Meet the Staff: It’s all Wayne’s work
How does one get to the LII? Well, it ain’t exactly Carnegie Hall, so “practice, practice, practice” won’t quite cut it. Instead, our staff take diverse paths to their positions at the LII, and that’s what makes us work so well together. In a small operation like ours, it’s not so much what you know, as how much you are willing to learn.
One question many of us get asked often is, “What exactly is it that you do at the LII?” Last week, LII interface developer Wayne Weibel took some time to answer from his office, high atop the Peace Tower at Cornell Law School.
Q: When did you first become interested in computers?
A: I got the original Nintendo Entertainment System (NES) in 1988, when I was eight years-old. The ability to control an avatar (though I didn’t know that word back then) by pressing buttons was fascinating. Then we got a home PC when I was 12, and I started messing around with this fledgling technology called the Internet. I wrote some silly scripts (even some “programs” in my TI-83), and I built web pages for games and friends. I finally started learning “real” programming as a senior in high school.
Q: Where did you go to college and what did you study there? Degrees?
A: I got my BS in Computer Science and an MA in Human Computer Interaction, both at SUNY Oswego. I focused on artificial intelligence and natural language processing as an undergrad. I almost had a mathematics minor, and I took a smattering of psychology, philosophy, writing, and art. I was part of the Honors Program, too.
Q: What are some of the strangest jobs you’ve had… before coming to the LII?
A: I worked at the Sterling Renaissance Festival as a food booth supervisor, mostly at the cone ka-bob and waffle cone booths. Honestly, all the jobs I’ve had have been pretty typical–supermarket, video store, sports retail–then routine office jobs after I graduated.
Q: What is the most interesting aspect of your work at the LII?
A: Parsing and combining data from disparate sources to form a (hopefully) coherent, accessible, and usable representation of the law. And working in Drupal, our content management system. And I enjoy my co-workers.
Q: What is the biggest challenge in working at the LII?

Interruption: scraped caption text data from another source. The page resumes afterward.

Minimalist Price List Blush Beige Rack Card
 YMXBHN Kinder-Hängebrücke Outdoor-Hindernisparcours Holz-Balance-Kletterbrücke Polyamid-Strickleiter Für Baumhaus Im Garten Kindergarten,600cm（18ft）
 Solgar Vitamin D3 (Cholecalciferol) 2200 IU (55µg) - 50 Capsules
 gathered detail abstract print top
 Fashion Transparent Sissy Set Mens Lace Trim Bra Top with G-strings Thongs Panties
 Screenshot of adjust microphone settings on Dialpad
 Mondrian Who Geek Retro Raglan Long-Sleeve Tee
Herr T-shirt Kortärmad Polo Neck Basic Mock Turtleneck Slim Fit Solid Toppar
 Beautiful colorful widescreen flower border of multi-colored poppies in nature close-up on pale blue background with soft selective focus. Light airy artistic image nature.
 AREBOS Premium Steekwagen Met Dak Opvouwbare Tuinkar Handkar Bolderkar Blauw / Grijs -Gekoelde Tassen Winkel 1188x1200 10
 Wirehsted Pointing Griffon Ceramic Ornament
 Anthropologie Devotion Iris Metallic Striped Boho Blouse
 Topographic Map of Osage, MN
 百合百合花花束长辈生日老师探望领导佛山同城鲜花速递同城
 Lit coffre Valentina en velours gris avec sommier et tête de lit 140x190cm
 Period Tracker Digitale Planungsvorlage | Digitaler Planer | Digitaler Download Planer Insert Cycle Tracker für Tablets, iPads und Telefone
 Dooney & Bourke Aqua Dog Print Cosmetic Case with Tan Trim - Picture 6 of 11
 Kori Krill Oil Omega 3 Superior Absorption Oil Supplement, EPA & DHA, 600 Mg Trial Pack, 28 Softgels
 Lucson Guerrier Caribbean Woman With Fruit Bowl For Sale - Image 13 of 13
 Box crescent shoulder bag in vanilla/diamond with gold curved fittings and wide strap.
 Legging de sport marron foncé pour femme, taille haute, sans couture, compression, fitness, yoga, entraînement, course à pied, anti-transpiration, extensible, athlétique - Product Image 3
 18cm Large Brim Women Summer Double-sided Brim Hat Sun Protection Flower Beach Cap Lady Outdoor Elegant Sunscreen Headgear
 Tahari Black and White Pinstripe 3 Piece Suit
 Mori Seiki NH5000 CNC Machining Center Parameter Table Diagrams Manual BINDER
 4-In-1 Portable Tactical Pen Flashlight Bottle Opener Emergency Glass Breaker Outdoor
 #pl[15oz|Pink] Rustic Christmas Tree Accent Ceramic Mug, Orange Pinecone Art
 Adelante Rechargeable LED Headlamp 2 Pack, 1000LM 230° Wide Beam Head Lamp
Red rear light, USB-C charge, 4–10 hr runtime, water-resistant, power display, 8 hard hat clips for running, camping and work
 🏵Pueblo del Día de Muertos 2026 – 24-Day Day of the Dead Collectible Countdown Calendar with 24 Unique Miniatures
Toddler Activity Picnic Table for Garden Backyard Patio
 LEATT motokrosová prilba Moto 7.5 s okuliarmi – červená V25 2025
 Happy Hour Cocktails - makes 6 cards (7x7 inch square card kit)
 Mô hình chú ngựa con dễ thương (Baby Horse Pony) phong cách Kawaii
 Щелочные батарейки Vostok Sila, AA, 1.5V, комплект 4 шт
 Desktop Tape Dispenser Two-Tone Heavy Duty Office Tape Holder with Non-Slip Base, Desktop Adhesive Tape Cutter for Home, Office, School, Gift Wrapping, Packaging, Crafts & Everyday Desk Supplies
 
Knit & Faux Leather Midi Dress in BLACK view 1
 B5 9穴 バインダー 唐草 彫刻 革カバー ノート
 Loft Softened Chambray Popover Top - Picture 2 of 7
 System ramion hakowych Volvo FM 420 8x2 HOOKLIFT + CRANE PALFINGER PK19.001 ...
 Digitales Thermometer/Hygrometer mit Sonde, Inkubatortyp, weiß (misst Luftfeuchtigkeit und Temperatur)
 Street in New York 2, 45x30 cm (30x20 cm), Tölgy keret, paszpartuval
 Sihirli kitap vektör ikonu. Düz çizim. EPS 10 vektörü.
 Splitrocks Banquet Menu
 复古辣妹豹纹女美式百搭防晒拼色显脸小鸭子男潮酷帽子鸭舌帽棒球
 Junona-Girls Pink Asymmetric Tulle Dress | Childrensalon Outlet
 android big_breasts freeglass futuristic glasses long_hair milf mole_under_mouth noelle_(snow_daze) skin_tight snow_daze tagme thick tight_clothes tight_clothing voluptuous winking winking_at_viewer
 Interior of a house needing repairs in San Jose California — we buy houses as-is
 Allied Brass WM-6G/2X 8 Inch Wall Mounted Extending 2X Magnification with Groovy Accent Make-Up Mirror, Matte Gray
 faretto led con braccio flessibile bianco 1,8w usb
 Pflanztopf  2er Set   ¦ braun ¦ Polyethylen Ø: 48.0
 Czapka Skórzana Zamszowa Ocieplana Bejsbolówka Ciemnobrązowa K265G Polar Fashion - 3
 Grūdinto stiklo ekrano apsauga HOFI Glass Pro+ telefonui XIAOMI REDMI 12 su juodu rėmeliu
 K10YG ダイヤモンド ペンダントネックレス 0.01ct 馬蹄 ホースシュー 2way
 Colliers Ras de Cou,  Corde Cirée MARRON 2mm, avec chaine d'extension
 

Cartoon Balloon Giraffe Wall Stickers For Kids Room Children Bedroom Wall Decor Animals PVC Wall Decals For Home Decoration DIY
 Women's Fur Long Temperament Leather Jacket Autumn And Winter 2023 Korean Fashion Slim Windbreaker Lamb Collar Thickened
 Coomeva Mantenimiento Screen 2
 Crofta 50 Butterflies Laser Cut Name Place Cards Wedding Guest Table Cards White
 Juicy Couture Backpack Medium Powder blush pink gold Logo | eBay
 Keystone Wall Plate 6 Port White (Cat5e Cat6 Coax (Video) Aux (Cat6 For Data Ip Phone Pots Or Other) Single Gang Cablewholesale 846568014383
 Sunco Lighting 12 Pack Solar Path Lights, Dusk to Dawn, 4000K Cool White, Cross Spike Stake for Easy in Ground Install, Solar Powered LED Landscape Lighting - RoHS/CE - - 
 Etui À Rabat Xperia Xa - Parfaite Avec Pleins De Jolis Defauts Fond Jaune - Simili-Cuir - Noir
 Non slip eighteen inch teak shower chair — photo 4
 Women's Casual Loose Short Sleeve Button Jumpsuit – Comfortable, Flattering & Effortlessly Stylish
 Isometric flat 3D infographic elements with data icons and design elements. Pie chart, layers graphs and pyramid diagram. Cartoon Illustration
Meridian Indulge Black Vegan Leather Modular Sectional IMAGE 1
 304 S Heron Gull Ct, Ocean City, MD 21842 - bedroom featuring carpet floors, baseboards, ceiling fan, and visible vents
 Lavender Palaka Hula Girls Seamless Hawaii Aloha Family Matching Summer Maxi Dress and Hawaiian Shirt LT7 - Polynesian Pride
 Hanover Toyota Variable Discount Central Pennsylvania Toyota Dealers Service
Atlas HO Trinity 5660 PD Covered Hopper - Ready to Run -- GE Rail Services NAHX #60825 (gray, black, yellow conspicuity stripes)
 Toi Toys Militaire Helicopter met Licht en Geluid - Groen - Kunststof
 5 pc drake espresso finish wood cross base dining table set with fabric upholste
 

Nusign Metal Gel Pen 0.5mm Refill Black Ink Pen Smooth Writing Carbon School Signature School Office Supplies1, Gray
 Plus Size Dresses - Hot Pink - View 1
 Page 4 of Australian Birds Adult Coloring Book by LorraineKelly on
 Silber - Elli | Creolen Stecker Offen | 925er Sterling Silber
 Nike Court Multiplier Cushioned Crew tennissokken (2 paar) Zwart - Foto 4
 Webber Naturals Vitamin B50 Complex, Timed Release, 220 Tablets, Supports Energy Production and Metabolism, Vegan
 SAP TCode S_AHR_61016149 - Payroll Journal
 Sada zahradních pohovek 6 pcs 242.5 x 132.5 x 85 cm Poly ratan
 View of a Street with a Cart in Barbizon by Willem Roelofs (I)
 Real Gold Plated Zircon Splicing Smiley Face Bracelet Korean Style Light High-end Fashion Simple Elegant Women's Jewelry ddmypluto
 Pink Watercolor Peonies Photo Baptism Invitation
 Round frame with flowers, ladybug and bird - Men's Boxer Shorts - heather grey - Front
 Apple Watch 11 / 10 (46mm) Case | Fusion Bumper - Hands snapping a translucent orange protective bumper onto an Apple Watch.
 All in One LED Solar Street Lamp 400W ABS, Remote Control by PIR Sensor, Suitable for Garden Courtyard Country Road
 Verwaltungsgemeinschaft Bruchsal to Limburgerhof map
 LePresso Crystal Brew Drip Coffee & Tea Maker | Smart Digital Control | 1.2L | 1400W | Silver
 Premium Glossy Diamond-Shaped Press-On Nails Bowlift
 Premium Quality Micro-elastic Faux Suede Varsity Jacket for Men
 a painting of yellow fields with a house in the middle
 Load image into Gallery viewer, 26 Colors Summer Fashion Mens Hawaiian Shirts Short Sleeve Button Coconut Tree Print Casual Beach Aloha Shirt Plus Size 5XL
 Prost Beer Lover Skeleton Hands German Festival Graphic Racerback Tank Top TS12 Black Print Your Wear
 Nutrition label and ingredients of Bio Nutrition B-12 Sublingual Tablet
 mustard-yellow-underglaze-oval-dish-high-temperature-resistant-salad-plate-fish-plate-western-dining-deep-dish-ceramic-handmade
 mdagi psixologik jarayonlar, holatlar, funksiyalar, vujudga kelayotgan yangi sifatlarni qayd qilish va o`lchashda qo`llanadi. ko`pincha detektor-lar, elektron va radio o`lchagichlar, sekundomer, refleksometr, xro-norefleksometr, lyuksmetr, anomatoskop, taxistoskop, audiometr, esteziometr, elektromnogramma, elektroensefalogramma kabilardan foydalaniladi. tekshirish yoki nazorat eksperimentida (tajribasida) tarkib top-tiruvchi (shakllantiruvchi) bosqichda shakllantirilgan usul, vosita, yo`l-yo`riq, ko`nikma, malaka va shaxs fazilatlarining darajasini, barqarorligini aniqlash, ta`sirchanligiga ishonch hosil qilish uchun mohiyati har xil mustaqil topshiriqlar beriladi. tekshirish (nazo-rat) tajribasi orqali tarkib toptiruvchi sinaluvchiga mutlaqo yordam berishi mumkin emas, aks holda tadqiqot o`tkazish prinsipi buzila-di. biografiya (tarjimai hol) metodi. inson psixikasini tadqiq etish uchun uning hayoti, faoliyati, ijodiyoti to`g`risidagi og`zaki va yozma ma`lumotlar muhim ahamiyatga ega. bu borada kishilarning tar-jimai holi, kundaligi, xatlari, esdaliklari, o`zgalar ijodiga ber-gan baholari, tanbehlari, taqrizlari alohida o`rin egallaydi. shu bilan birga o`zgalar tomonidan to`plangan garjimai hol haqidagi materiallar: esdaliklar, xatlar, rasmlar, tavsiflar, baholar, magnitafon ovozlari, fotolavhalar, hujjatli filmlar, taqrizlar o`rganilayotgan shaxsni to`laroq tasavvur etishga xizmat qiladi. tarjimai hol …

A: Same answer as the above! Plus walking the Ithaca hills and, recently, the sub-zero temperatures.
Q: What parts or features of the LII site best demonstrate your work? C’mon, speak geek to us…
A: The CFR pages are complex and interesting. The main content is pulled from our XML database, and the other tabs on the page are generated from queries to a MySQL database. The PTOA (Parallel Table of Authorities) displays the relationships extracted from text we receive from the GPO (Government Printing Office).
Another example is the TOPN (Table of Popular Names), which parses and combines the OLRC (Office of the Law Revision Counsel) popular names table and Table III information to show the regulations associated with a named act. I created the ingestion processes for these features, which I also (try to) maintain. And, I am sad to say, I also created the fundraiser splashover. But we need donations to help keep us going, and it has been very successful for us.
Q: You recently helped develop an app for Google Glass. Can you describe what it does and how the building process went?
A: “Signtater” is software that allows a user to send a picture to an online service that extracts text in the picture and identifies any legal citations, returning the web address (if any) for the citations, which can then also be browsed in Google Glass.
So when it’s perfected, you upload this photo:
And then… <geekspeak>After straightening out some systems snafus, I began by using the starter glassware program. With a lack of API documentation for the Google MirrorClient it was a process of looking at the existing code and the raw class files combined with the general RESTful interface documentation available from Google. Looking back, the biggest hurdle was actually getting the project setup in Google.</geekspeak>
You get this back:
Q: What upcoming projects/features are you most excited about?
A: I want to make improvements to the Signtater glassware and build some associated mobile apps for iOS and Android based on that same technology. I’m also excited about Semantic Web improvements to the CFR and other areas of the site.